■ **Entries supplied**
BEGIN

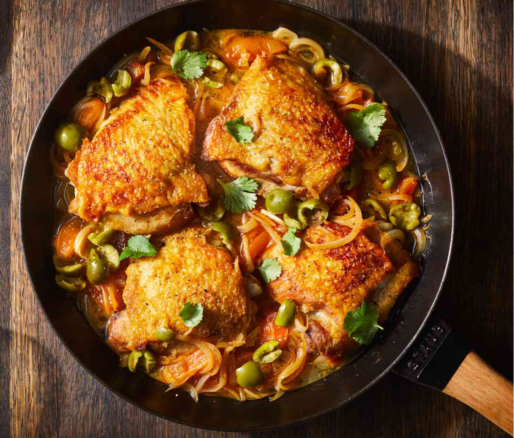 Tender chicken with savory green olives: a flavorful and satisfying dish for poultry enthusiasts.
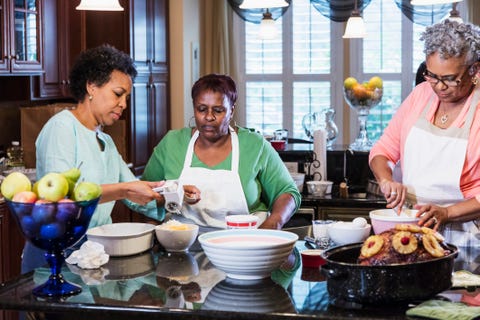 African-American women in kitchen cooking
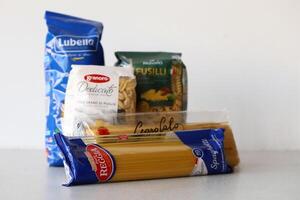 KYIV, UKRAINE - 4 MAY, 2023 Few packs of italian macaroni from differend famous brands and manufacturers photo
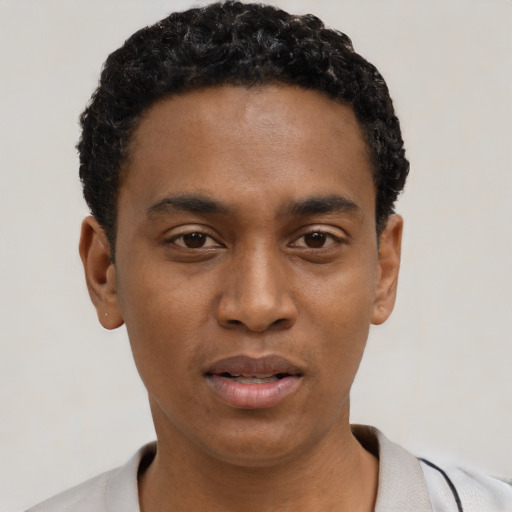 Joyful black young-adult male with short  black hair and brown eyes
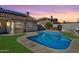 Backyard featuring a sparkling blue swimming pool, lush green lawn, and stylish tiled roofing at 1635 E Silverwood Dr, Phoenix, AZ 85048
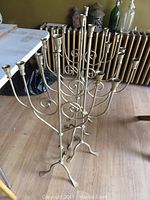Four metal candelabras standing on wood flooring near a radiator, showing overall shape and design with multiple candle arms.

END
BEGIN

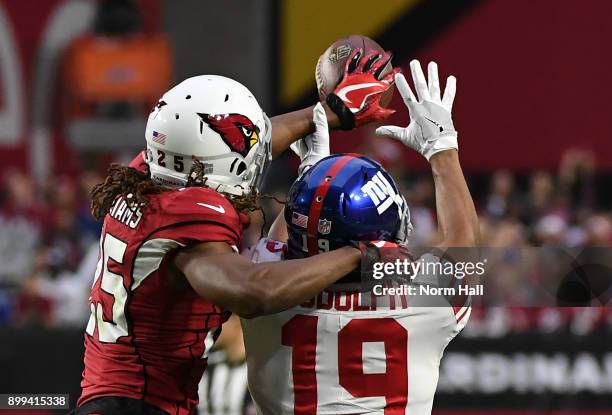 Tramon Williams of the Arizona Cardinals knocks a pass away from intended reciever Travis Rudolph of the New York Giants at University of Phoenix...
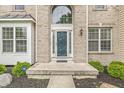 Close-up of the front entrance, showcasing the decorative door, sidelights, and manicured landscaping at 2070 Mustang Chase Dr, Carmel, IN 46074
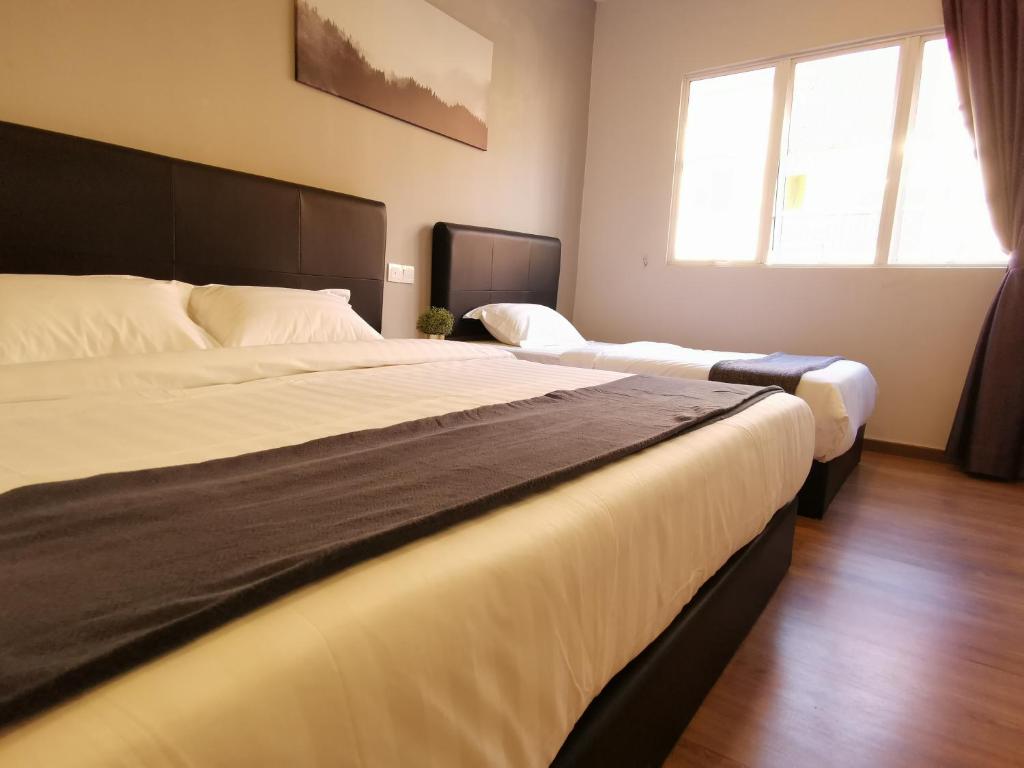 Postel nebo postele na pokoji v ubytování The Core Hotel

END

■ **The task**
Your reply should hold nothing but the lines above, from the one containing "African-American women in kitchen cooking" to the one containing "Joyful black young-adult", reproduced exactly minus the pictures.

■ **Finished task**
 African-American women in kitchen cooking
 KYIV, UKRAINE - 4 MAY, 2023 Few packs of italian macaroni from differend famous brands and manufacturers photo
 Joyful black young-adult male with short  black hair and brown eyes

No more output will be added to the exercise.